Welcome to Hill House.
If you've been itching for a chilling, fresh, atmospheric horror series, then this is the place you want to be. There is something sinister living within the walls of the hundred-year-old compound, and the Crain families destiny will forever be defined by the time spent calling that castle home.
The Haunting of Hill House Season 1 Episode 1 and The Haunting of Hill House Season 1 Episode 2 both dive right into the then and the now of the Crains and the supernatural occurrences that plagued them and continue to shape their identities.
The first few episodes of any series are crafted to set the scene for what's to come. A chance to introduce central characters, the plot and the overarching themes. Here, we meet a seemingly close-knit family, led by straight-laced Hugh and vibrant Olivia, who struggle both in the past and present with their experiences about this house.
Oldest son Steven is the star of the first hour, as flashbacks show him stepping up to be the leader amongst his peers as a child but relegated to a bit of an outsider in the present, due to his ambition.
Everything the siblings went through as children differs, and for Steven, his inability to see the same things as everyone else has turned him into a modern-day cynic. He was very reminiscent of Jon Cusack's character in "1408," traveling around to hear stories of the dead and just looking to poke holes in the most fantastical tales.
Steven seems to be on a search for the truth while struggling to understand its meaning. Is the truth that his family was tortured and forever haunted by their time in Hill House? Or is the truth just that Steven is sane and everyone else is crazy?
Adult Steven seems to grapple with what to believe in a world that pulls him in both directions.
Hugh: Do you remember the bent-neck lady?
Hugh: She's back.
Meanwhile, adult Nell is struggling in every sense of the word. By the end of hour two, it seems like Nelly and Luke have outwardly been affected the most by their childhood. Nelly, in particular, has a sense of disconnection from everything and everyone. Even on her wedding day, she's just off.

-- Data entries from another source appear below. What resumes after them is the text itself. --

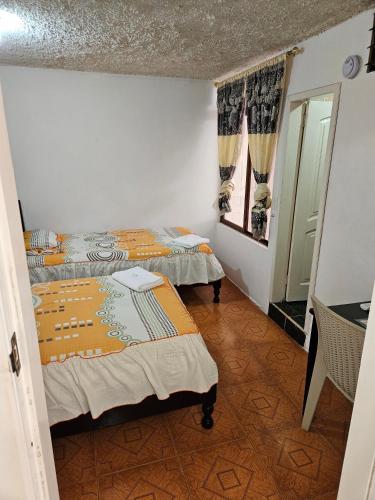 a room with two beds and a mirror at Hostal Cerro Azul in Puerto Villamil
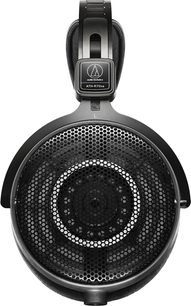 Sluchátka Audio Technica ATH-R70xa v černé barvě s otevřenou konstrukcí, pohled zepředu, levý kruhový náhlavní soustava s širokou kovovou mřížkou ve tvaru včelí plástve a matovým plastovým obloukem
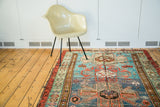 Antique Southern Caucasian rug, unique outer border, geometric patterns, abrashes in blue, teal, coral.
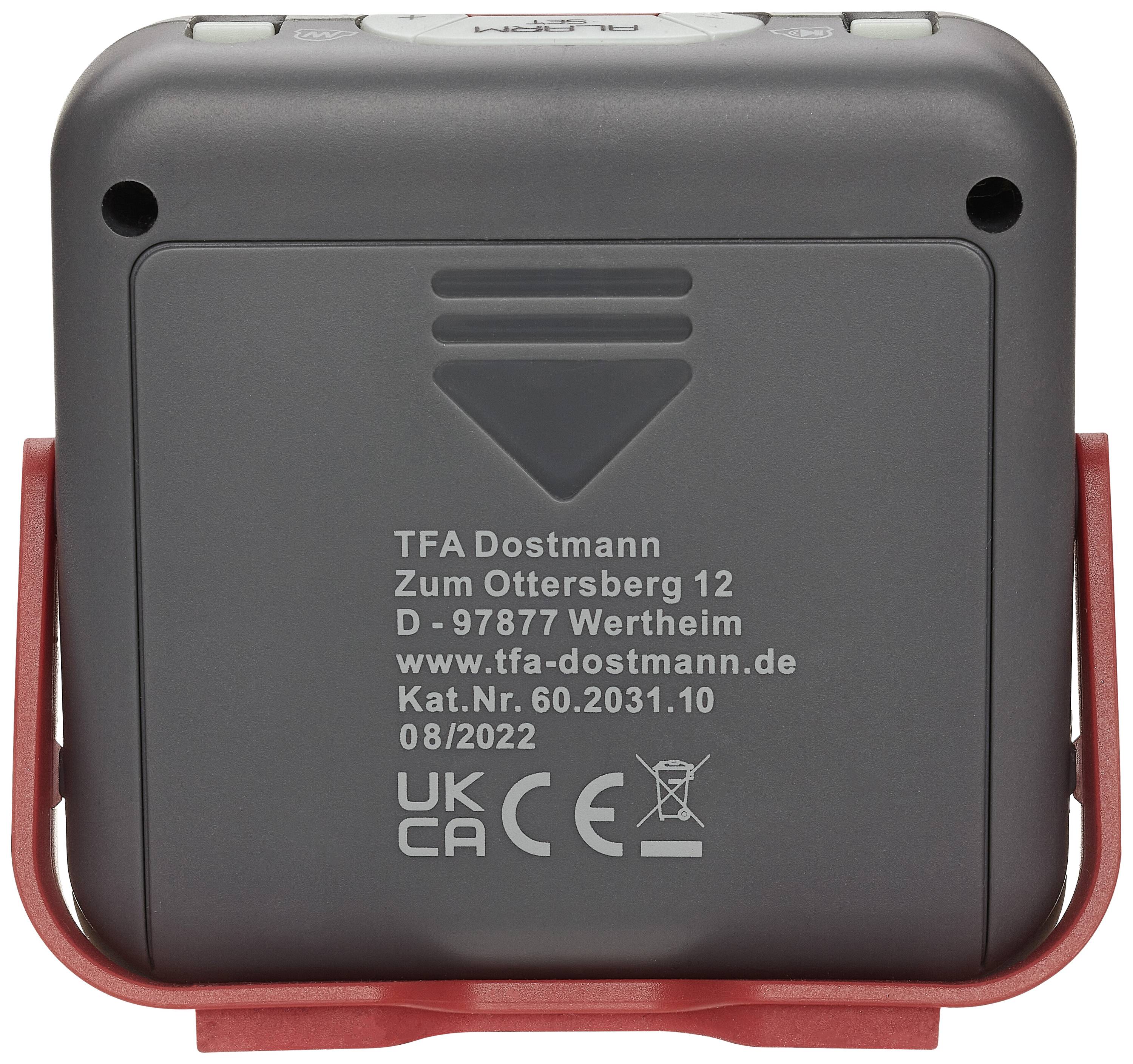 Tylna strona urządzenia elektronicznego z szarą obudową i czerwonym uchwytem. Napis wskazuje producenta, adres w Wertheim oraz informacje o produkcie.
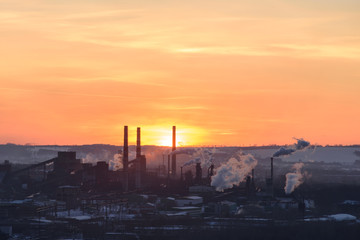 The pipes of the plant throw out toxic smoke at sunset. The sky is red.
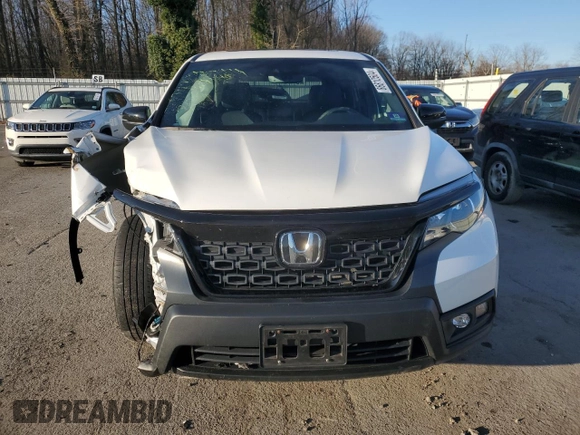 2019 Honda Passport EX-L z VIN 5FNYF8H57KB029404, wystawiony jako Copart lot #86810504 z przebiegiem Nie podano mil oraz Szkoda całkowita • Salvage title. Historia ofert i sprzedaży dostępna na DreamBid. Obrazek 5.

Her return to Hill House was probably a long time in the making, and she almost looked happy floating around the decrepit halls. I have my suspicions about her committing suicide, but we'll have to continue to see how that plays out over the course of the series.
When Steven stumbled upon her in his apartment, the reveal wasn't exactly shocking but spooky all the same. For Steven's first encounter with a spirit to be his newly departed sister is as eerie and intriguing as they come. Now we need to know what exactly Luke was doing in that apartment a few minutes prior.
Is it possible his twin sister lead him there? It's evident that on this show, things are not as they appear.
Hour two is Shirley-centric and Elizabeth Reaser, as always, is a delight. Shirley meets death head-on at a young age, and it's her experience with the kittens and also seeing her mother in her coffin that has informed the person Shirley becomes.
Of all the siblings, she's most affected by what she perceives to be a betrayal by Steven. She's also clearly the matriarchal figure of the family, a position we can all assume came shortly after their mother's death.
She's stoic, yet soft in the rare moments when she allows herself to feel. When she tries to explain Nell's death to her children, she is completely detached from the emotions of that conversation. One could say she was holding it together for her children, but that's just who Shirley has become.
She gives them the same spiel she's given to the countless others about death and the process that happens between death and burial. It's only when she's alone with her thoughts and looking back at what lead her to the point where she's removing a bag of her sister's intestines that she breaks down.
There are many things unsaid in this family and Nell's death may be the thing to force them to talk about the past, present and future.
Nell is in the red room.Shirley
Once again flashbacks show the many disturbing things happening at Hill House, and adult Shirley still has dreams about the mysterious red room.
We've only gotten a few quick flashes of the aforementioned room, but something is lurking in there, and it might take a while to see just what is behind that big door.
- The casting on this show is incredible. Both the child actors and their adult counterparts play the characters with a delicate precision that makes for great television.
- Of all the siblings, Theo is the least shaded by the end of the second episode. Aside from living with Shirley and kicking her one night stand out abruptly, it's hard to get a grasp on who she is and what motivates her. I'm most intrigued by her story and how she's been molded by her childhood.
- Olivia's death is glossed over and explained away rather quickly, which leads me to believe we may spend a lot of time diving into that particular evening when Hugh rounded up the kids and left Olivia behind.
- There aren't many jump out of your seat scares, but all the images of the bent-neck lady are where nightmares are born.
- Steven and Shirley are both having marriage issues, with the latter being to a way lesser degree than the former. And where is Nell's husband? It's a testament to the writing and acting that I walked away extremely intrigued with all the sibling's relationship woes.
- Are we all in agreement that adult Hugh still talks to his dead wife?
- Full disclosure, I never read the novel, so if my take is entirely off, please know I'm walking into this series with a fresh set of eyes, for better or worse.
There's a nice, steady buildup happening now, as we get acquainted with the Crain's and color in more of their complicated world. When a pilot is done right, you're eager, curious and excited to welcome this story into your living room.
The Haunting of Hill House comes ready to make itself right at home.